Listed entries ->
◆ ◆ ◆ ◆

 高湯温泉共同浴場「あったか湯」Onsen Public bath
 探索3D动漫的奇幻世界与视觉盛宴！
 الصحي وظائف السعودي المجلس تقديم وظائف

◆ ◆ ◆ ◆

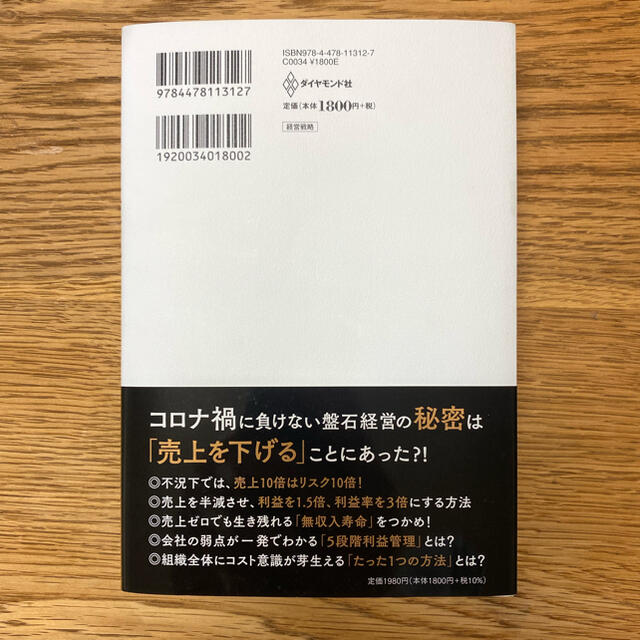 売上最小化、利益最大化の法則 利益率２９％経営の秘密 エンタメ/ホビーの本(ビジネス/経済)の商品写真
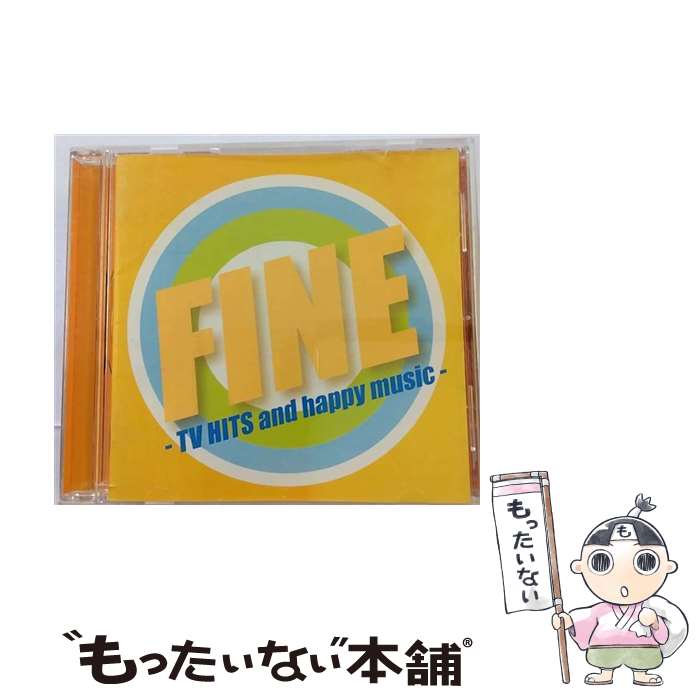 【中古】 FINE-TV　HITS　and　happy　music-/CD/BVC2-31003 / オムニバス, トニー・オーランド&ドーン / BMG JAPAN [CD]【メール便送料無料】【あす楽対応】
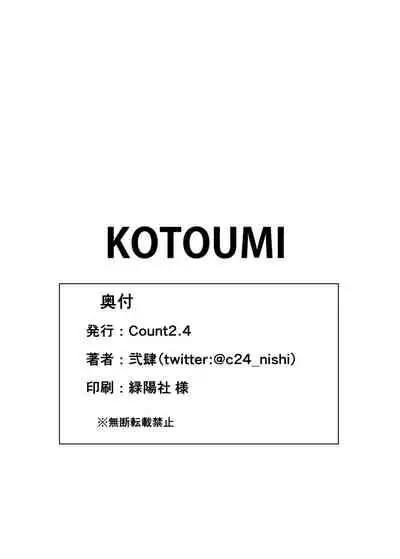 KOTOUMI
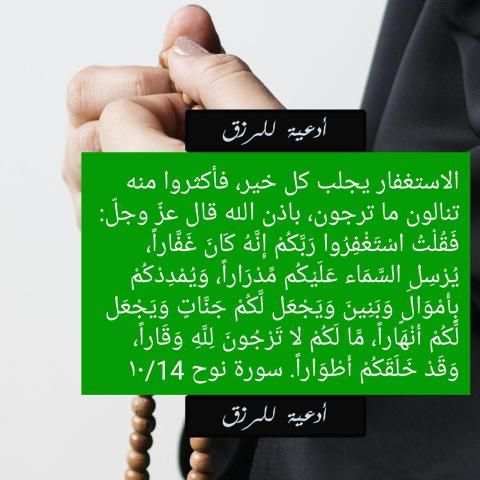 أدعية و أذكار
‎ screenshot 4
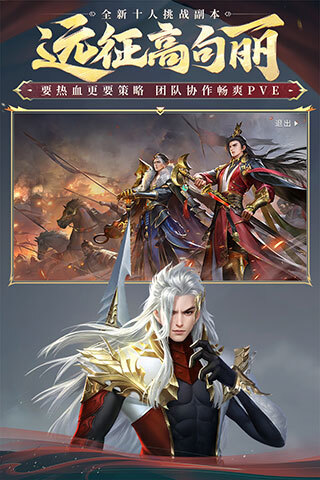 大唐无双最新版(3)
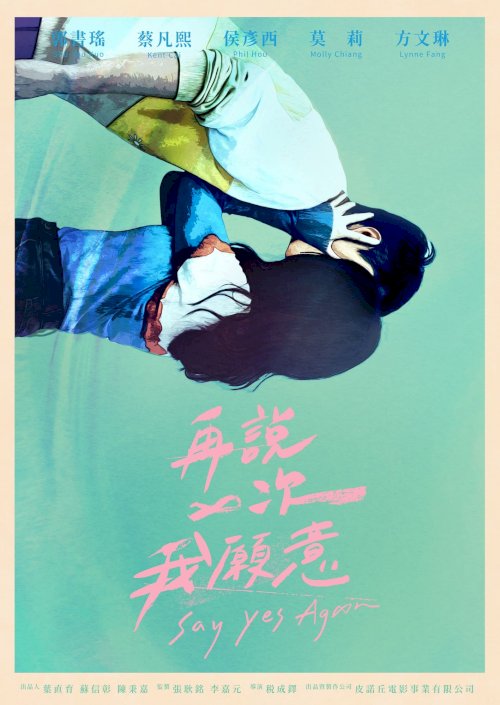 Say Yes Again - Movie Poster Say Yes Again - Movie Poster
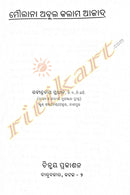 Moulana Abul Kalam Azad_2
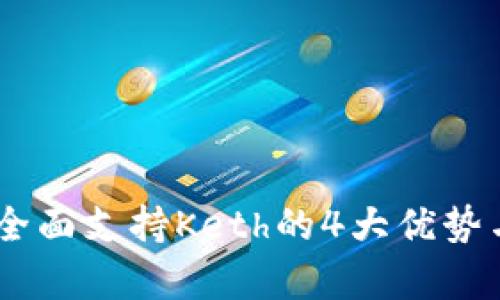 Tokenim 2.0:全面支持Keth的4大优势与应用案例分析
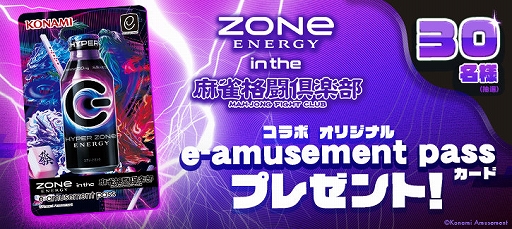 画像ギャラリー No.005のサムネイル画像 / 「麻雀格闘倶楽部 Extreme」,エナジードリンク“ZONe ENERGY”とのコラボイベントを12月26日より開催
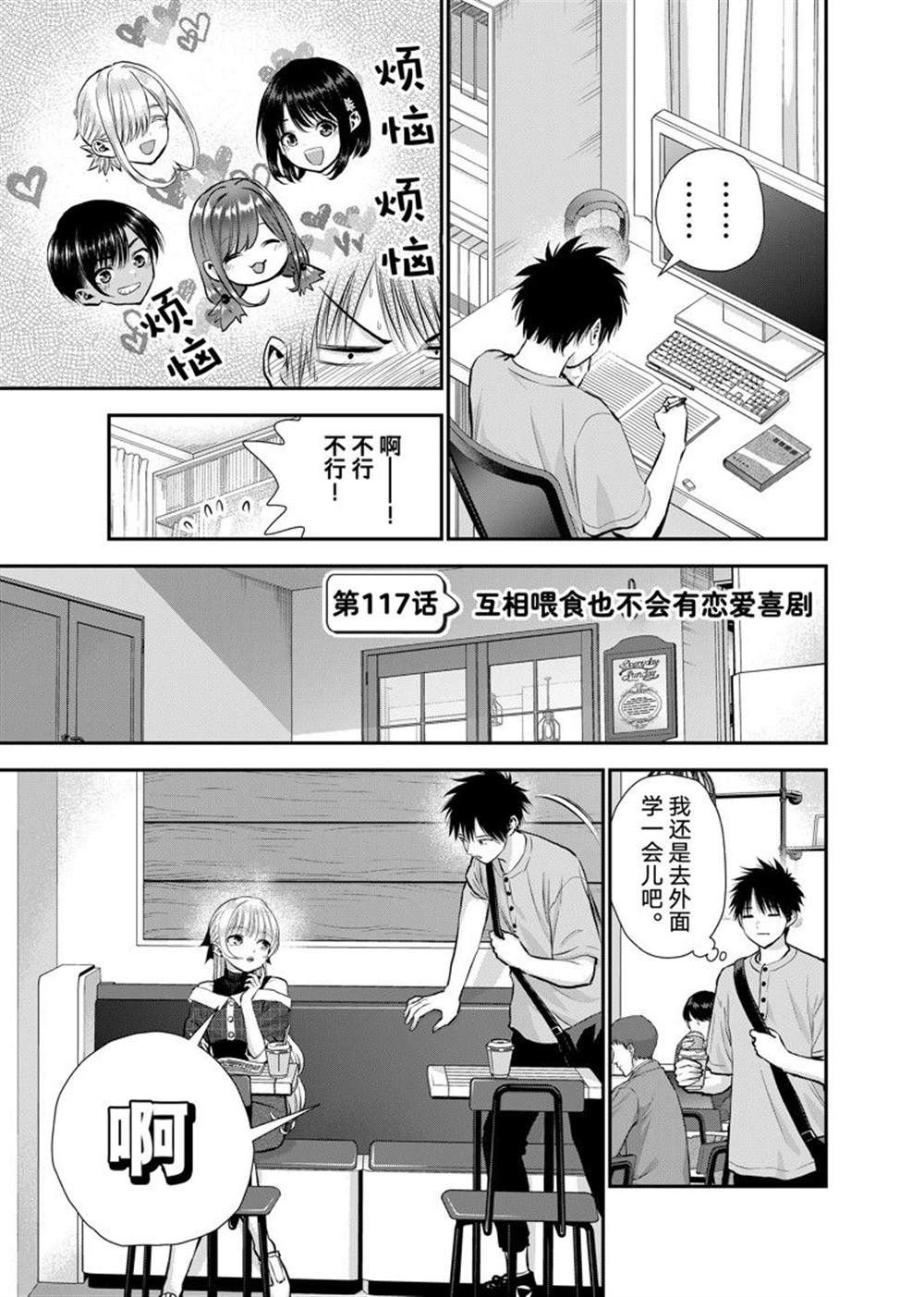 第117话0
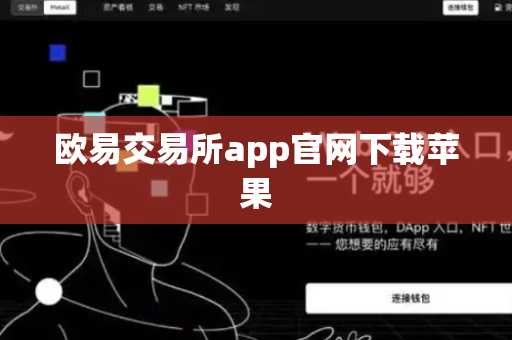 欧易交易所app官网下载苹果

◆ ◆ ◆ ◆

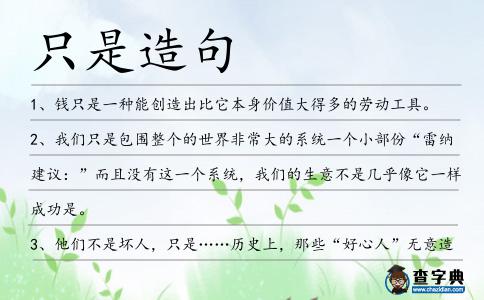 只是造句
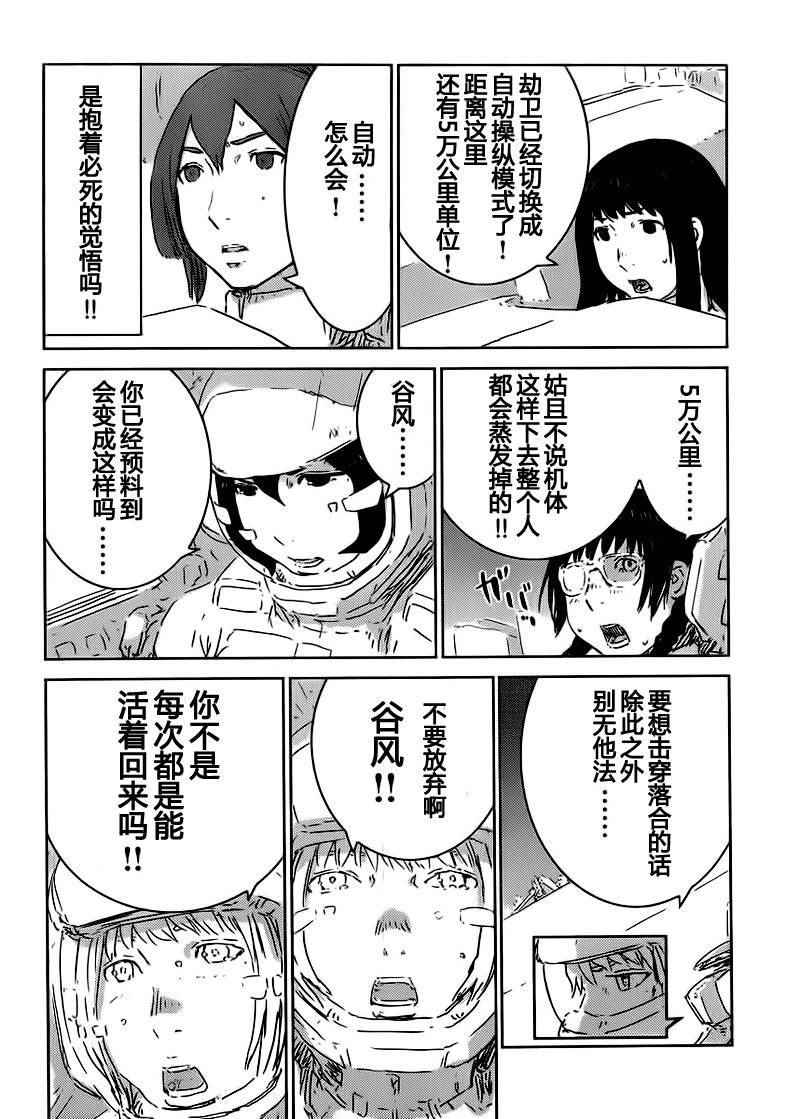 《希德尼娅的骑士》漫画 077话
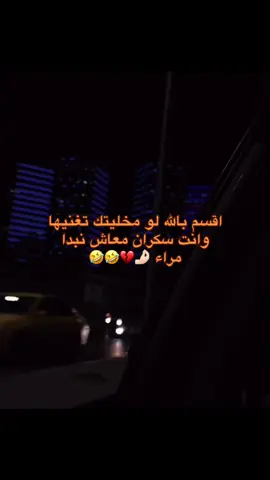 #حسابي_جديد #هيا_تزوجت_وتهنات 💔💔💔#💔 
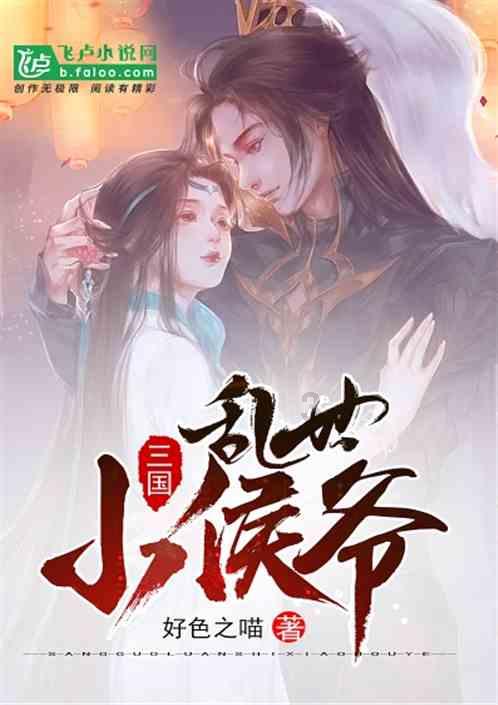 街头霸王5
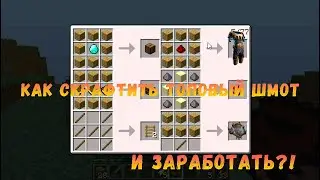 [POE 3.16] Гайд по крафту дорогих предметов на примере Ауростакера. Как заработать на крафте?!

◆ ◆ ◆ ◆

What is needed -> What is wanted is an exact copy of the lines above from the one containing "BMG JAPAN [CD]【メール便送料無料】【あす楽対応】" through the one containing "Tokenim 2.0:全面支持Keth的4大优势与应用案例分析", with no pictures in it.

Solution to this exercise ->
 【中古】 FINE-TV　HITS　and　happy　music-/CD/BVC2-31003 / オムニバス, トニー・オーランド&ドーン / BMG JAPAN [CD]【メール便送料無料】【あす楽対応】
 KOTOUMI
 أدعية و أذكار
‎ screenshot 4
 大唐无双最新版(3)
 Say Yes Again - Movie Poster Say Yes Again - Movie Poster
 Moulana Abul Kalam Azad_2
 Tokenim 2.0:全面支持Keth的4大优势与应用案例分析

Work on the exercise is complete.